### Data extract
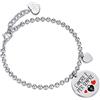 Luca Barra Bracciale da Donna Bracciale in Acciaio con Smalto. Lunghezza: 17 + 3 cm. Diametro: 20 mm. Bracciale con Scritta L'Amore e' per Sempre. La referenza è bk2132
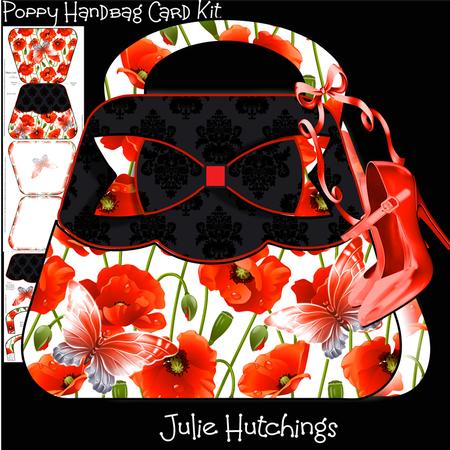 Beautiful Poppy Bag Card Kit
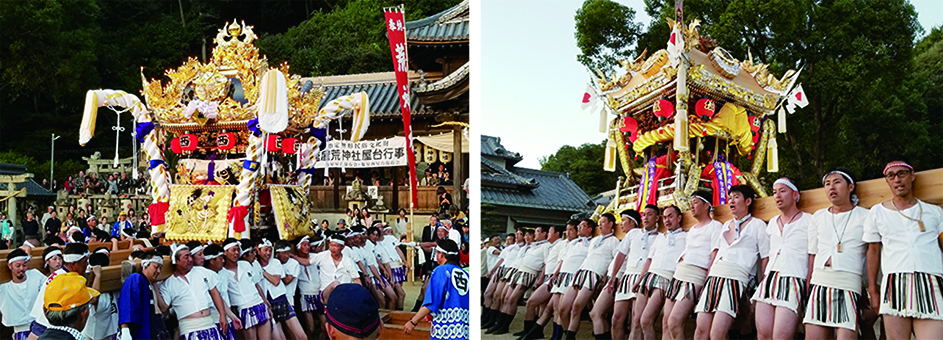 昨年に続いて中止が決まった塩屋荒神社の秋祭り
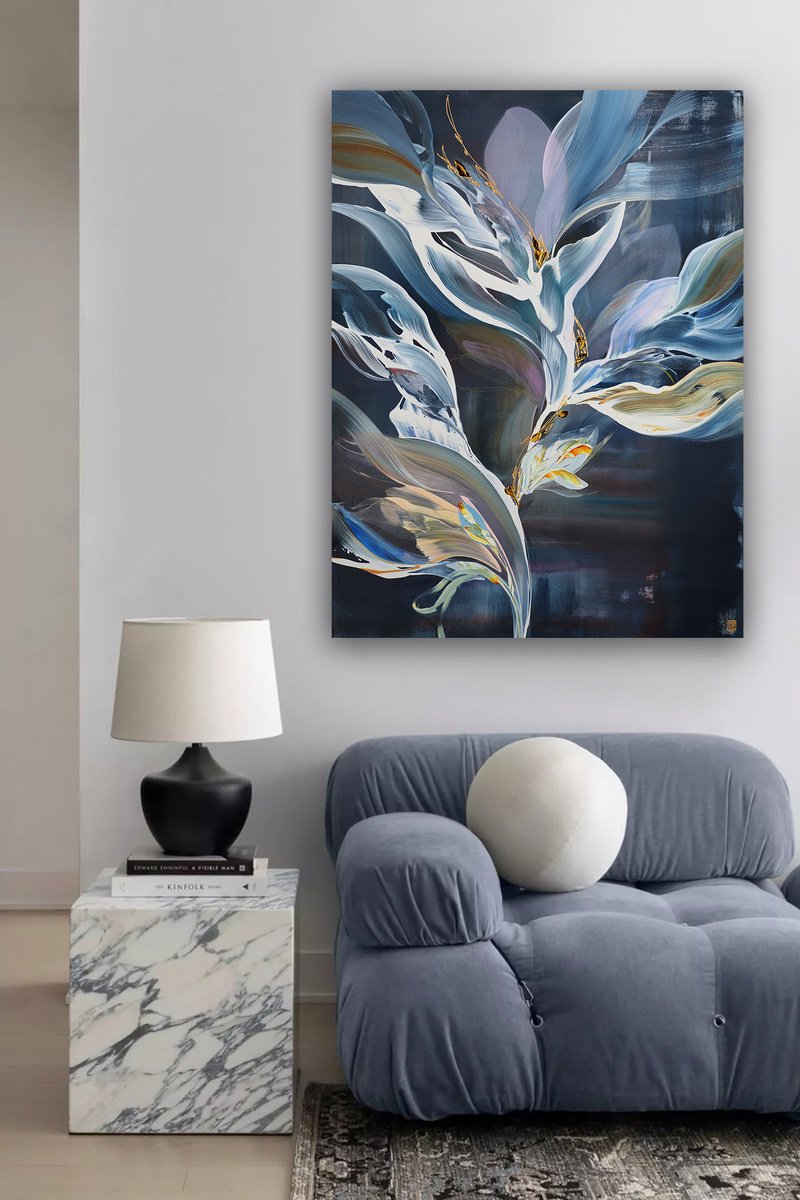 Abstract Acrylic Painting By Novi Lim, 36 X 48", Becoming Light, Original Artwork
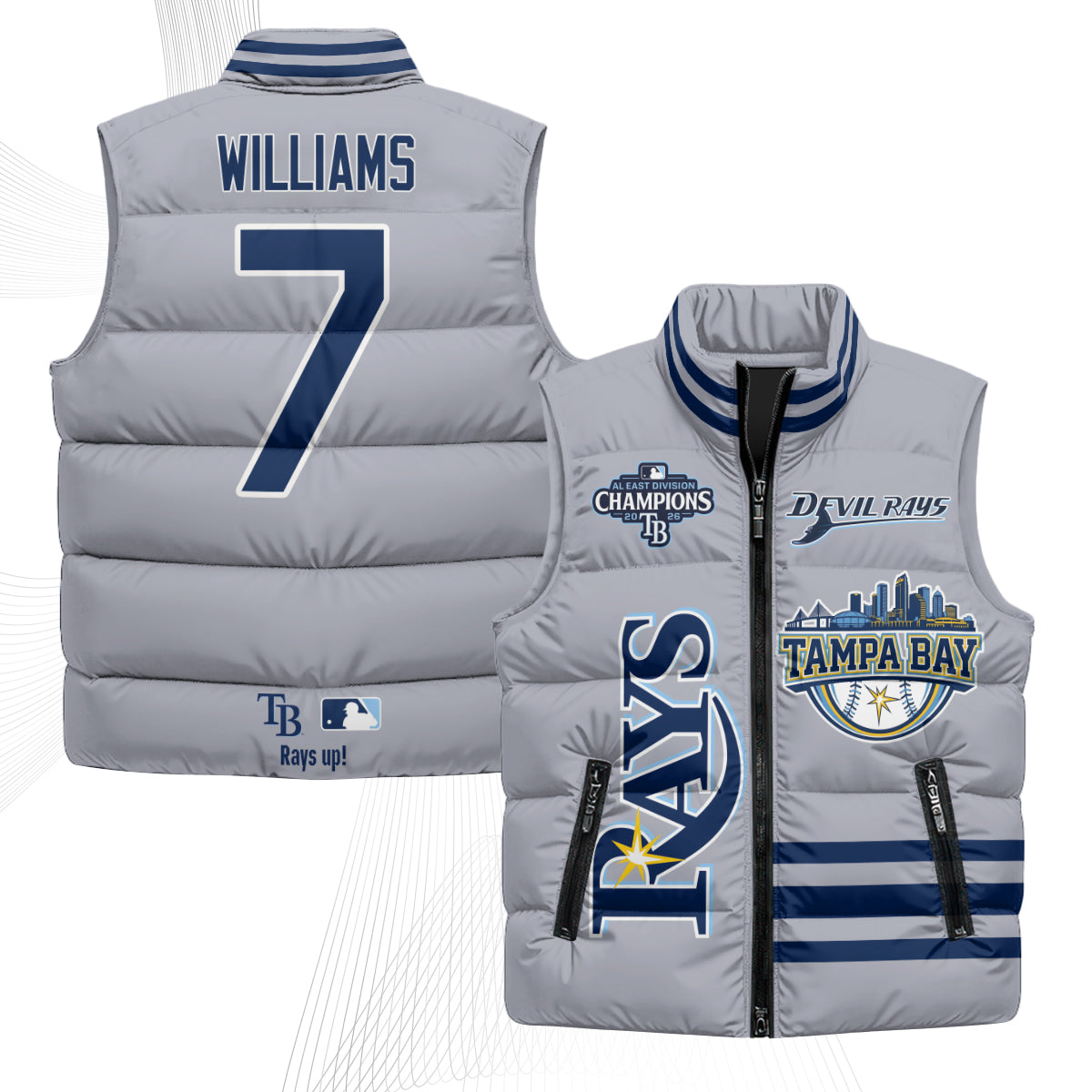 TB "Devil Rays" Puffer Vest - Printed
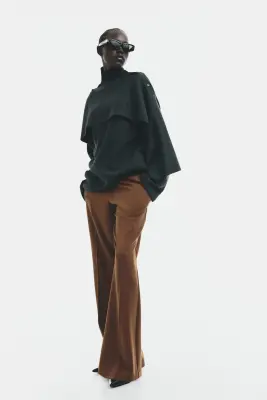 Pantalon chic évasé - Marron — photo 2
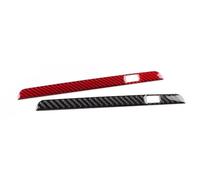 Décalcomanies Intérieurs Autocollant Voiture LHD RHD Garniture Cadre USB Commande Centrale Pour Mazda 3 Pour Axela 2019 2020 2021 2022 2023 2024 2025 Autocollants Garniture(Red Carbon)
######
### Data extract
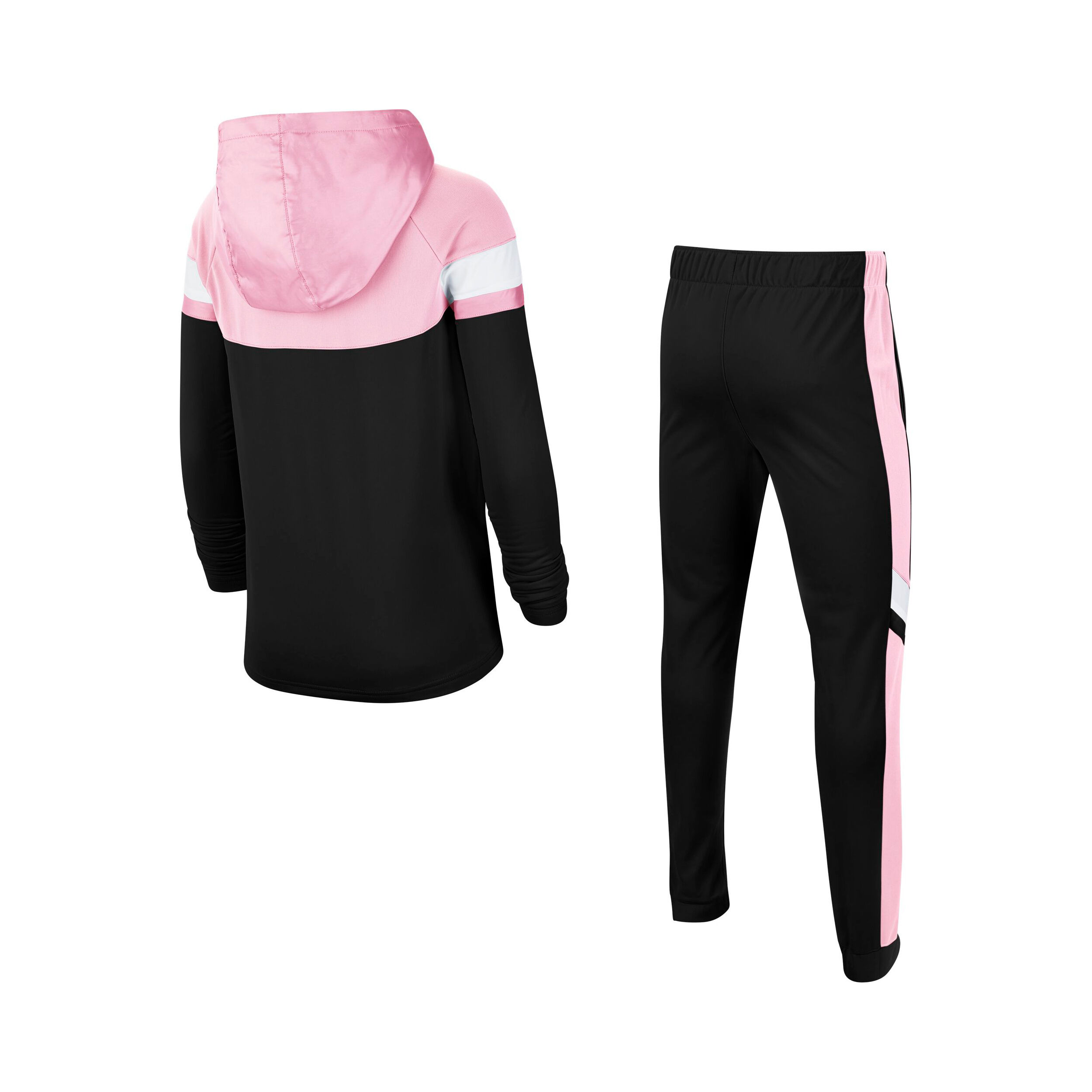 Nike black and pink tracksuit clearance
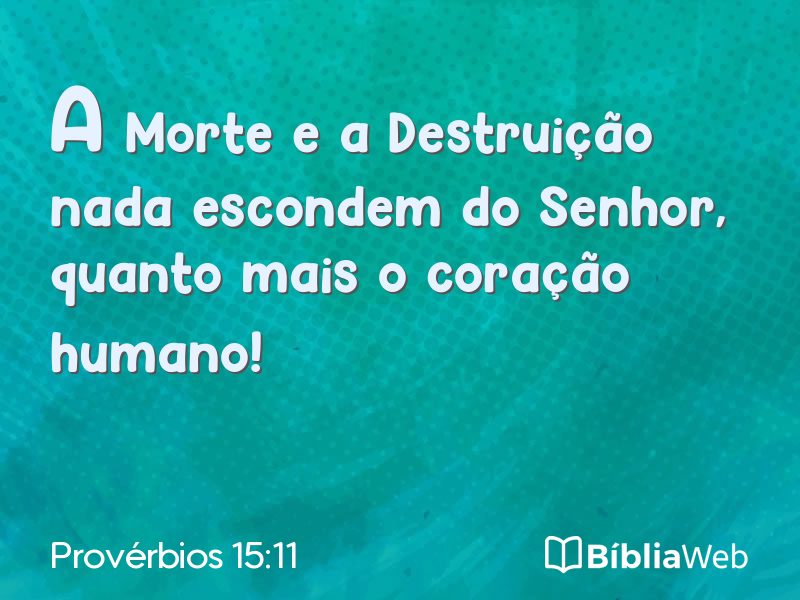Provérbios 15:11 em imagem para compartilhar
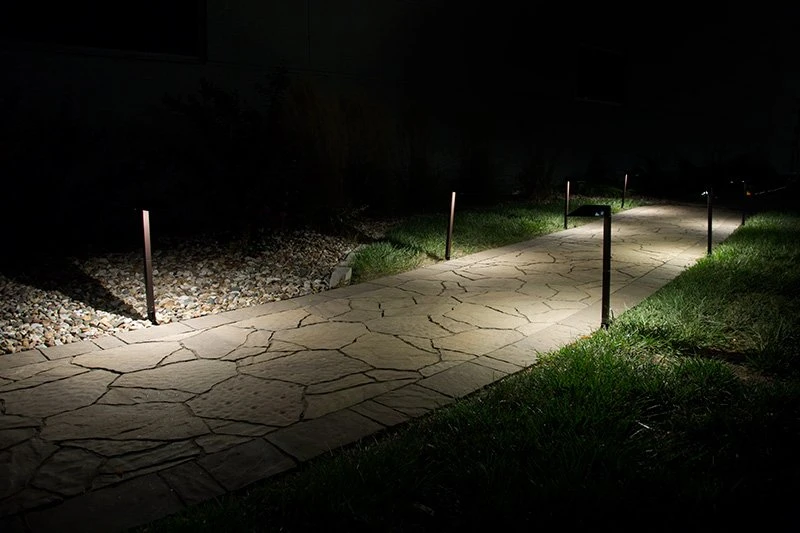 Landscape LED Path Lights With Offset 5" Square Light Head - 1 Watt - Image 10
######
### Data extract
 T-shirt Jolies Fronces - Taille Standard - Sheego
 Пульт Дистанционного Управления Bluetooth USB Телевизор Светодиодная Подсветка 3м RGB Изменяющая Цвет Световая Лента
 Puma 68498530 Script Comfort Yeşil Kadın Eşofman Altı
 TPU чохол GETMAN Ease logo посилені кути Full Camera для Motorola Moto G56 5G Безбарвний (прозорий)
######
== What you are asked to do ==
In the records above, copy exactly everything from the line that has "昨年に続いて中止が決まった塩屋荒神社の秋祭り" down to the line that has "Décalcomanies Intérieurs Autocollant", both ends included, and leave out the pictures.

== Problem solution ==
 昨年に続いて中止が決まった塩屋荒神社の秋祭り
 Abstract Acrylic Painting By Novi Lim, 36 X 48", Becoming Light, Original Artwork
 TB "Devil Rays" Puffer Vest - Printed
 Pantalon chic évasé - Marron — photo 2
 Décalcomanies Intérieurs Autocollant Voiture LHD RHD Garniture Cadre USB Commande Centrale Pour Mazda 3 Pour Axela 2019 2020 2021 2022 2023 2024 2025 Autocollants Garniture(Red Carbon)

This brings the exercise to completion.